A new online M.F.A. program at UT El Paso initiated this spring stands out not just for its embrace of Spanish and English -- which to a lesser degree mirrors the bilingual approach of the university’s thriving residential program -- but also its complete lack of a residency requirement, an uncommon development in a field that has been characterized of late by a proliferation of “low-residency” upstarts. Translating the residential program’s distinctive approach to fit within an online format is an experiment, observers say, worth watching.

“We’re increasing the reach,” said Johnny Payne, chair of the M.F.A. program. “I think we’re already attracting some interesting individuals who wouldn’t have come otherwise.”

The bilingual approach of U.T.-El Paso's residential M.F.A. program began in earnest about five years ago, Payne said, when the formerly isolated Spanish and English writing programs merged.

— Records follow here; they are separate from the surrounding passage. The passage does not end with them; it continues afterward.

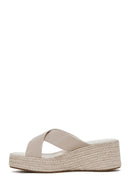 Kadın Bej Hasır Dolgu Topuklu Terlik | Derimod Kadın Bej Hasır Dolgu Topuklu Terlik | Derimod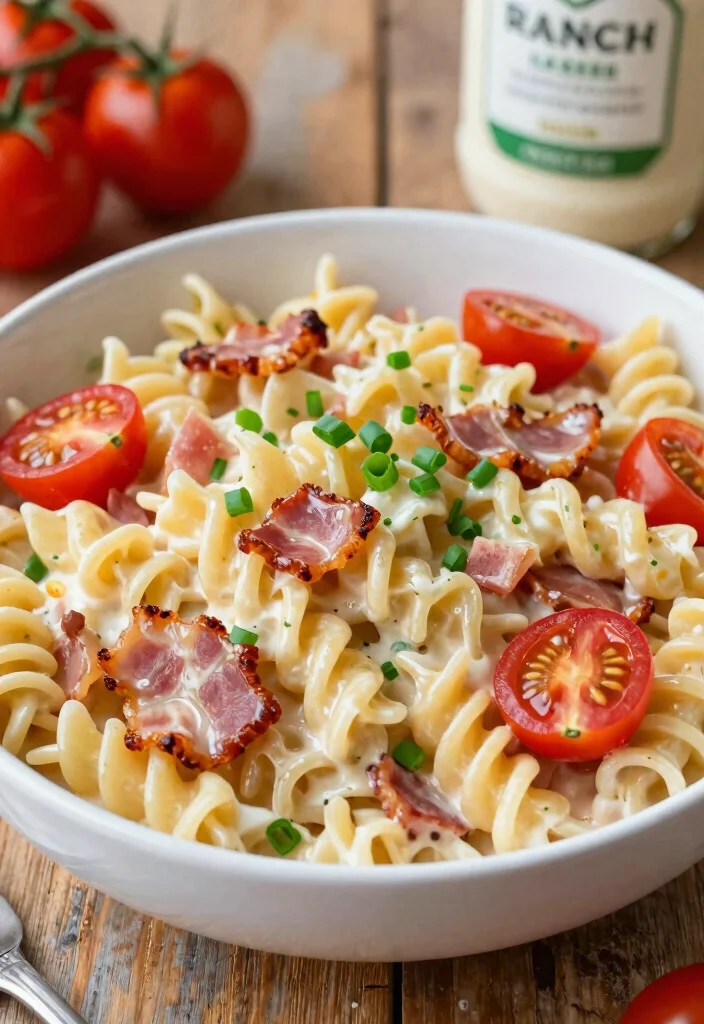 10 Bacon Pasta Salad Recipes for Savory Crowd Pleasing Bowls 1 10 Bacon Pasta Salad Recipes for Savory Crowd Pleasing Bowls - 1. Creamy Bacon Ranch Pasta Salad 1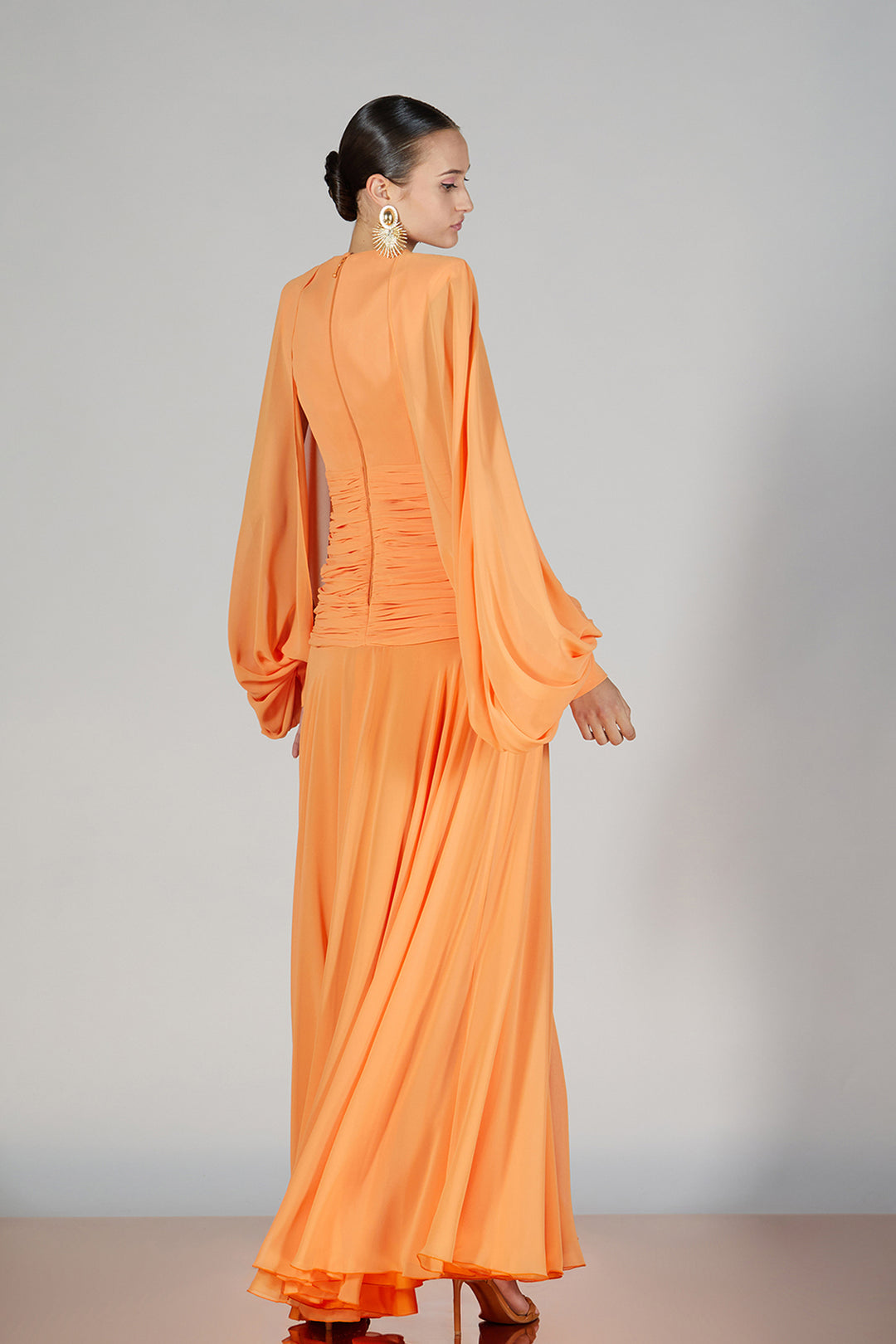 V-Neckline Lantern-Sleeve Dress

There are 35 to 40 full-time residential students, half of whom are funded for study. The range of students include "Spanish dominant" writers from Mexico, Central and South America, students from the border area, and "English dominant" writers from elsewhere in the United States who have studied Spanish in college and abroad, Payne said. Courses are offered in fiction, poetry, playwriting, screenwriting and nonfiction, and students, both in the residential and online tracks, are expected to study both a primary and secondary genre. Students in the three-year residential program are not required to write in a non-dominant language, but they do literary study in Spanish and English, and courses are conducted in both languages. “When I teach a course, I move freely back and forth between the two languages all the time. There are no premeditated plans about that,” Payne said. But there are norms, he added. “If you’re in a workshop, and someone has written a piece in Spanish, you discuss it in Spanish.”

“My first language is Spanish, and being that my first language is Spanish, a lot of my writing and my poetry is bilingual, and it also has elements of Caló, or Chicano slang,” Veronica Guajardo, a residential M.F.A. student from California , said in explaining why she chose El Paso’s program. “I thought how cool would that be to double the amount of writers, to have colleagues from Mexico and Peru and Latin America and all over the United States too -- how much richer would that be?”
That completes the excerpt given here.